• [Data records]

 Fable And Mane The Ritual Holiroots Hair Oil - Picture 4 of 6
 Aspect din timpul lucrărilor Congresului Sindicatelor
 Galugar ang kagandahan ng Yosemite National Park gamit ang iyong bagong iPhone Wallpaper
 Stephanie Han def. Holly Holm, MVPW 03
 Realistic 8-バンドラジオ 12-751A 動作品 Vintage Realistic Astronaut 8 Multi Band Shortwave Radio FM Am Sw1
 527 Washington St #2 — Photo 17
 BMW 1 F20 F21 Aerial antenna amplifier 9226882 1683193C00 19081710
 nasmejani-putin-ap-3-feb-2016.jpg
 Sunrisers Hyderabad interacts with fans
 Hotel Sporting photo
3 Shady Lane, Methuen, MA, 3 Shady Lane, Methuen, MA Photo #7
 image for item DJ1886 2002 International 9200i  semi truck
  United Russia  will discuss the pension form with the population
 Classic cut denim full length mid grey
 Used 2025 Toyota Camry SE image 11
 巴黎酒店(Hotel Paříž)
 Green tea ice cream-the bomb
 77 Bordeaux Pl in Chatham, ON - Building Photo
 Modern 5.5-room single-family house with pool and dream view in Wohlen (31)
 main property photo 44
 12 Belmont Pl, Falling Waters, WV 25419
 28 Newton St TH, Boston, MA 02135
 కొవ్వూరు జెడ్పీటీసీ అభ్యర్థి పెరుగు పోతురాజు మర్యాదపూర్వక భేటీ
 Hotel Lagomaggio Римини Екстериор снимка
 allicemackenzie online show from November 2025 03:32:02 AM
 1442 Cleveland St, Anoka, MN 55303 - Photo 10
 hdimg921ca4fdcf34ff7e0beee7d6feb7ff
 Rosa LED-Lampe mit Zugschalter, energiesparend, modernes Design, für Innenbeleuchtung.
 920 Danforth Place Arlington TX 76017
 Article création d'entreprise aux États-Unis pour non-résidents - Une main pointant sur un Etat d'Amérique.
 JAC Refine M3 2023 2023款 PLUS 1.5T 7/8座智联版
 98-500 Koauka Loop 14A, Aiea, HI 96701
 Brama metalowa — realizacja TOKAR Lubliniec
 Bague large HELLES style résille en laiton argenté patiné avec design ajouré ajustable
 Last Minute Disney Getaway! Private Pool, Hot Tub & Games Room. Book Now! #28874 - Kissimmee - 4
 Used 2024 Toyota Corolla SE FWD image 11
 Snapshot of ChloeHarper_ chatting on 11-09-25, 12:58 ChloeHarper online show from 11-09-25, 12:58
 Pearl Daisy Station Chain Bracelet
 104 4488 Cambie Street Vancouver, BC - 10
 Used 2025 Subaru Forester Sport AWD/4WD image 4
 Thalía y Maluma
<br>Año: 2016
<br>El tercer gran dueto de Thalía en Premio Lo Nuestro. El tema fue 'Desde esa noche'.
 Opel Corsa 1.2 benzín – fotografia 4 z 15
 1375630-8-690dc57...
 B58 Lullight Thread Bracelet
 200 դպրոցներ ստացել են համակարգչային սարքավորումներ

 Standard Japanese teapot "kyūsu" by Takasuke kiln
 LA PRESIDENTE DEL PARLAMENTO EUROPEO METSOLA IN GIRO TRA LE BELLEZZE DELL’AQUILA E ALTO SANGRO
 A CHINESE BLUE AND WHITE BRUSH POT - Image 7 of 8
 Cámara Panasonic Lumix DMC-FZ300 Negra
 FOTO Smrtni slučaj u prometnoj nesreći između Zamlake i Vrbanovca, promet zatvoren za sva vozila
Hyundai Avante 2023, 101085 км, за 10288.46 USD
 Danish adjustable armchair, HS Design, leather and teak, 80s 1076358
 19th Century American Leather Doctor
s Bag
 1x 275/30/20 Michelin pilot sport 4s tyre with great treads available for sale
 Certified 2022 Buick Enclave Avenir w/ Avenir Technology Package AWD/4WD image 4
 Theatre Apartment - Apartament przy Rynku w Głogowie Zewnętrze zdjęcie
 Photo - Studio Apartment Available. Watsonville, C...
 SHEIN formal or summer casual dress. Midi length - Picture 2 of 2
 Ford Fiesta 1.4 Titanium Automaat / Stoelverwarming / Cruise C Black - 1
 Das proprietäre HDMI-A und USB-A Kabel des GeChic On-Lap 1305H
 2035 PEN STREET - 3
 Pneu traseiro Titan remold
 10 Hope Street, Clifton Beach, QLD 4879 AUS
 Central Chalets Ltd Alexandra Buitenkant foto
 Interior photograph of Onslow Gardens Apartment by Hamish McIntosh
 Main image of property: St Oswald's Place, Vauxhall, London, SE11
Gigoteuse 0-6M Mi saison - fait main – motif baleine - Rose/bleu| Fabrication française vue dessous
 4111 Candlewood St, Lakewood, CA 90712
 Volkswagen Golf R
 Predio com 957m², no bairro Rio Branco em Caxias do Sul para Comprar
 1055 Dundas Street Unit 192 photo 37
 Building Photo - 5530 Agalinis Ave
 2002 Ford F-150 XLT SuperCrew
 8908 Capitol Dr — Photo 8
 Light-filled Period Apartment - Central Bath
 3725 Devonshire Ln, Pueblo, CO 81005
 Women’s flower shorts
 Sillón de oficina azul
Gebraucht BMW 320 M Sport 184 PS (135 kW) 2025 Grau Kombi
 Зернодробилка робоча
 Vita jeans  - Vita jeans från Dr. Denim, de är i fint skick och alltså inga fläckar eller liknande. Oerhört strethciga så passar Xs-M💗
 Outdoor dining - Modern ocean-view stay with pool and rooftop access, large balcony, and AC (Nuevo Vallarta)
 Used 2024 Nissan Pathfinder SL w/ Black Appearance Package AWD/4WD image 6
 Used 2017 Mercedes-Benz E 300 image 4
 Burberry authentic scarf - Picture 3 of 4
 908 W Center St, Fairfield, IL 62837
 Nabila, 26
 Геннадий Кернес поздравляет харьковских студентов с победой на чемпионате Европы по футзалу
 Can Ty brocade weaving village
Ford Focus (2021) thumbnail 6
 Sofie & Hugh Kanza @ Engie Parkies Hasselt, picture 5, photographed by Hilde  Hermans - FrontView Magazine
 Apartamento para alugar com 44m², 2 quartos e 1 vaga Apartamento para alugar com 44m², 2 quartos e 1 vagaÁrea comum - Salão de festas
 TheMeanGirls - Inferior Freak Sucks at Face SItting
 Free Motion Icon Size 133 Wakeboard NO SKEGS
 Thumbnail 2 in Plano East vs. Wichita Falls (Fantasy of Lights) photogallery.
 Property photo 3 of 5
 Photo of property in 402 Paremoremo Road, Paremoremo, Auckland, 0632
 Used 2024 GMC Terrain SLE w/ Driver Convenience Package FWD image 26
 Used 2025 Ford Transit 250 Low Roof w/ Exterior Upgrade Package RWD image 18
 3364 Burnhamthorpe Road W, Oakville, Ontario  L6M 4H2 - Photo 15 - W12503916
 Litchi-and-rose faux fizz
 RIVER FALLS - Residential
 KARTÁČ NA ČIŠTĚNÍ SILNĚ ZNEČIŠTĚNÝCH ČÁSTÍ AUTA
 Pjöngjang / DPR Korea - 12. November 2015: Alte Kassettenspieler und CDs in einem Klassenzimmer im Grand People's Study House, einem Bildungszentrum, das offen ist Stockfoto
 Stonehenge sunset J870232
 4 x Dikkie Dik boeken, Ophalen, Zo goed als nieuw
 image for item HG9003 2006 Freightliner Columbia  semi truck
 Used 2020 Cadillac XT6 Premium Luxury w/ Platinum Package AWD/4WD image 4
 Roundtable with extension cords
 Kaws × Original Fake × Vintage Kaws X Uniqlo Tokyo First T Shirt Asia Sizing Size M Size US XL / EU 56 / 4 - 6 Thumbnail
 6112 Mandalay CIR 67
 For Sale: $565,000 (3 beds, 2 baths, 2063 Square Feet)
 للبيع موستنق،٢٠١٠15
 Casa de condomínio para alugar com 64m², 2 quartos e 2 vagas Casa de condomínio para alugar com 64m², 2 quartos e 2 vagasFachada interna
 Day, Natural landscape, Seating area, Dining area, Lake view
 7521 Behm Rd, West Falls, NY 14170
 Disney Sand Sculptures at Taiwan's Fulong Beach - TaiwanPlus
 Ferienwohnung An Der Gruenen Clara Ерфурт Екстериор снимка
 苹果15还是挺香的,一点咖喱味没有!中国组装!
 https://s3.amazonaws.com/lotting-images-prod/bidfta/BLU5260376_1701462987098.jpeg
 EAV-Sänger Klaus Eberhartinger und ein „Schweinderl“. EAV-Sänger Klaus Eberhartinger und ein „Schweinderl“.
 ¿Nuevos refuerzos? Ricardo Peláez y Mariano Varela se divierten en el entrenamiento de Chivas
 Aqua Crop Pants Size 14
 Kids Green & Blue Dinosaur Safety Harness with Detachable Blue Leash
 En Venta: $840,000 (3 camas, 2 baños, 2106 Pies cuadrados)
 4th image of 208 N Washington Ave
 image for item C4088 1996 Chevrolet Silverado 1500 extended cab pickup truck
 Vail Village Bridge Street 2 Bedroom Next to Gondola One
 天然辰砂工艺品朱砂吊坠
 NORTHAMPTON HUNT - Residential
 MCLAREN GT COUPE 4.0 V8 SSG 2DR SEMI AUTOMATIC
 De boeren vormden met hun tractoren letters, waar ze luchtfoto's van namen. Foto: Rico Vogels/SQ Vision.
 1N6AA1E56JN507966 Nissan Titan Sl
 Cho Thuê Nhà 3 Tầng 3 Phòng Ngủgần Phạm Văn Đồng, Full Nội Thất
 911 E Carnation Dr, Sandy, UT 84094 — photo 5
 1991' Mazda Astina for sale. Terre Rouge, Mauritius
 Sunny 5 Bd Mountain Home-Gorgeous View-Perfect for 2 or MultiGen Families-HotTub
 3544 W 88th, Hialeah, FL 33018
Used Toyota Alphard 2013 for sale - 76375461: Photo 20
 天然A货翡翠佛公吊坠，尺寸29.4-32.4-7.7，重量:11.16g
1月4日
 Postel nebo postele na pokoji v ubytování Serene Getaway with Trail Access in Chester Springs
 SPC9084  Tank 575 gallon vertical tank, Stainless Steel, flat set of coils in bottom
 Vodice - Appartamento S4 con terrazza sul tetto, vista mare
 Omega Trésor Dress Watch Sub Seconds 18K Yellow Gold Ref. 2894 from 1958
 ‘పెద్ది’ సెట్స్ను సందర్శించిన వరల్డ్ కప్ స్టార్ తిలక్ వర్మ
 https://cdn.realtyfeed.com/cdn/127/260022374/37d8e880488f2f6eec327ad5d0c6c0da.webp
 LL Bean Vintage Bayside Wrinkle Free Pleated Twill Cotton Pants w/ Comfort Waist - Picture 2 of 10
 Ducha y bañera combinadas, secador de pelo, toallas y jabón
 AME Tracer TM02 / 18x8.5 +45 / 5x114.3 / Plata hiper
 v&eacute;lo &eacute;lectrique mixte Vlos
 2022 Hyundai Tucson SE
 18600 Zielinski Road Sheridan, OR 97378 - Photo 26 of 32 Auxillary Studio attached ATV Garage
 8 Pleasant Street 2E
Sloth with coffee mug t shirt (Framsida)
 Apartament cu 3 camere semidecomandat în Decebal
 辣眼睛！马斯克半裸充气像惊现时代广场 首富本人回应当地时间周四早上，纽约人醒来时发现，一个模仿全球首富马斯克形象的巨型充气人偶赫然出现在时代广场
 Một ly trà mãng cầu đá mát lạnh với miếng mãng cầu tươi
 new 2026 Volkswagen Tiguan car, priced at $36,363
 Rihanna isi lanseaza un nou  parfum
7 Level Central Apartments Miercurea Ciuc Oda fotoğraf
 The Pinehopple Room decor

• [Activity] Above are the records; repeat exactly the lines from the one holding "For Sale: $565,000" down to the one holding "Day, Natural landscape, Seating", end lines included.

• [Solution]
 For Sale: $565,000 (3 beds, 2 baths, 2063 Square Feet)
 للبيع موستنق،٢٠١٠15
 Casa de condomínio para alugar com 64m², 2 quartos e 2 vagas Casa de condomínio para alugar com 64m², 2 quartos e 2 vagasFachada interna
 Day, Natural landscape, Seating area, Dining area, Lake view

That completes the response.